El primero, consolidar el Régimen POSEI de la Unión Europea. El 20 de febrero del 2014, nos reunimos los presidentes de las 11 DOP de Canarias con el presidente don Paulino Rivero y el Consejero regional de Agricultura para comprometerlos con la ficha POSEI del vino y su financiación adicional. Nos prometieron asumir su solución. El Cabildo, fuera de su campo de competencia, nunca ha puesto interés en apoyar las soluciones. AVIBO pone el acento priorizando la viticultura, además de las bodegas y las ayudas a la exportación.
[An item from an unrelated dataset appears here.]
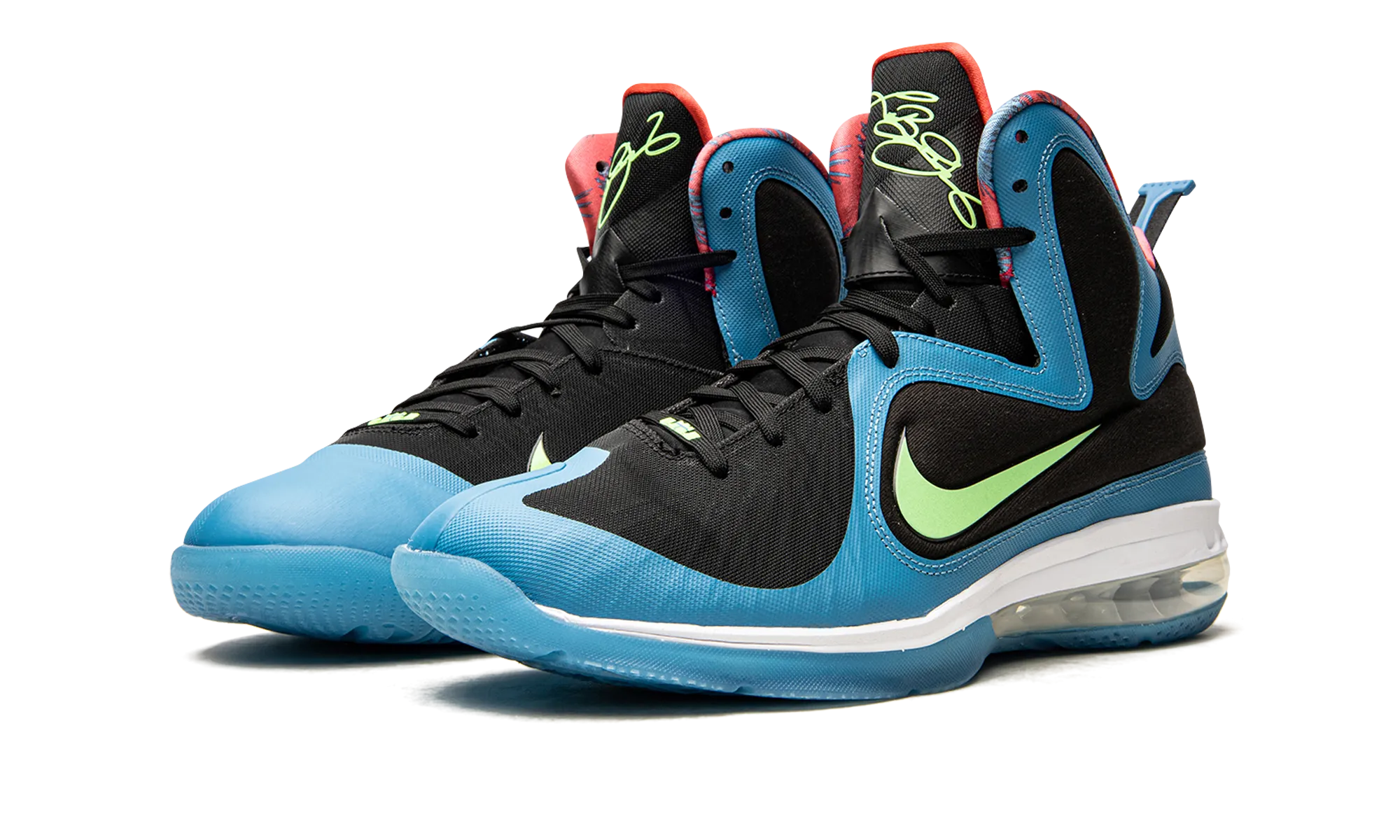 Sneaker Care Products Lebron 9 "South Coast"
Segunda demanda, que también ofrecimos al presidente en la reunión anterior, resolver el “encaje jurídico-urbanístico de las Bodegas Canarias” para desarrollar las actividades y economías complementarias ligadas al turismo. Esto lo hacemos apoyados en la Ley de Medidas Urgentes del 2009, para ello ofrecimos una solución vía decreto autonómico, posible jurídicamente. No sabemos si también en términos políticos, por cuanto el Gobierno viene oponiéndose a todo desarrollo legislativo en la línea aperturista de la normativa Bolkenstein y la legislación de liberalización de servicios. El Cabildo, vía Fecai, tendría la oportunidad de demostrar si está a favor de nuestras bodegas. Para dar una idea a nuestros lectores de la importancia económica de estas actividades, las mismas pueden llegar a ser el 50% de la facturación, haciendo sinergia con el turismo. En toda la geografía mundial del vino es legal y se potencia. Un ejemplo, el Valle de Napa en California tiene 12 millones de turistas enológicos al año, tanto como toda Canarias.

Tercera demanda, también de coste cero, internacionalización del vino canario. Unas cifras para entenderlo. El mercado del vino DOP en Canarias es de unos 60 millones de botellas. Canarias está sobre el 12-15%, 7/8 millones de botellas. Potencialmente, la viticultura canaria puede llegar a moverse en producciones entre 10 y 30 millones de botellas. Sólo el comercio exterior puede llegar a resolver estos excesos de producción, ya que no es posible pensar que podamos darle salida, contra la cuota de mercado interior. El mercado exterior es el único que puede pagar nuestros vinos de segmento, por su singularidad, varietal y coste del producto. Pretender competir al interior bajando precios es un suicidio que sólo algunos pueden permitirse a costa de nuestros impuestos y que tiene escaso recorrido, dada la competencia de precios con los vinos nacionales.

Cuarta demanda, la reorganización interna del sector. El “modelo insular” del Cabildo se apoya en las actuales estructuras de los Consejos y nos oferta la unificación de los mismos con una gerencia común, pagada por el Cabildo. Propone diluir la DOP Islas Canarias, entre cada una de las islas. El Cabildo de Tenerife asumiría la dirección regional del vino. Nuestro “modelo regional” pone el acento en la empresa privada, viticultores y bodegueros, que se financiarían con sus propios ingresos. Proponemos un convenio de colaboración, en régimen voluntario para todas las DO, para gestionar conjuntamente, el sector del vino y ofrecer nuevos servicios capaces de generar nuevas economías. Pasar de una economía subsidiada a otra libre empresa. Coordinación horizontal, contra la vertical que propone el Cabildo.

A quien lea con atención este escrito no debe escapársele que las cuatro demandas están ligadas entre sí, son interdependientes. Refleja su solución la visión de dos modelos diferentes. Como señalaba en estos días un conocido articulista nacional: “Presenciamos los esfuerzos de una España parásita, por ahogar a una España nueva que se inicia”. Contra ello, creemos que es posible cooperar, sin renunciar a sobrevivir.